Thursday, April 11, 2024
My grandmother, who was a Billy-Graham-loving evangelical, once said something surprising. She thought her new hairdresser was probably gay, but that, in her own words, “he couldn’t help it.”
Words have never been wiser. We can’t help it. I know that we like to think that we can, but in reality that notion is an attempt in futility. It’s a cruel thought, but the phrase “he can’t help it” applies not to those with so-called flaws, deficiencies, or disabilities, but to everything. We cannot help but to be ourselves and to do the things we do. How it comes out, in the end, is beyond our help.
We’re helpless. Our thoughts of being imperfect aren’t true. If you really wrap your mind around this, how can you improve? Can you improve the universe? I’ve written about this before, the present moment, once it forms is what it is. The perfectionist tries to remove its faults, but how can there be a faultless world?
You cannot remove pain, imperfection, and fault, and make it painless, perfect, and faultless. Opposites love each other in perfect union. They are inseparable. The perfectionist keeps lying, trying to sift out fault from perfect. But they are on a wild goose chase. Someone needs to tell them they can’t help it. Dualism cannot be made single-sided.

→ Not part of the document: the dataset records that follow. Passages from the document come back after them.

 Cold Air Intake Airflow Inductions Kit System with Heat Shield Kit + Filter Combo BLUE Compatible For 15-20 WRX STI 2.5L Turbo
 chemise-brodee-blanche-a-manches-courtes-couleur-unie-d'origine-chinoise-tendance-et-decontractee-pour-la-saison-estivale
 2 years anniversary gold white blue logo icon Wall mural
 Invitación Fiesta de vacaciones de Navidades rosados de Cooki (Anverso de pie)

The words you will say today, the actions you take, the things you encounter – perfectly imperfect. That’s why you can accept every moment. If you’re gay, you can’t help it. If you’re left handed, or if you say something hurtful, you can’t help it. It will come out like it comes out. It might come out differently in the future, and that’s how you learn and grow, but new flaws will appear with each reiteration of thought and action. Nobody’s perfect, but you’re essentially a nobody. You can’t help it. What perfection!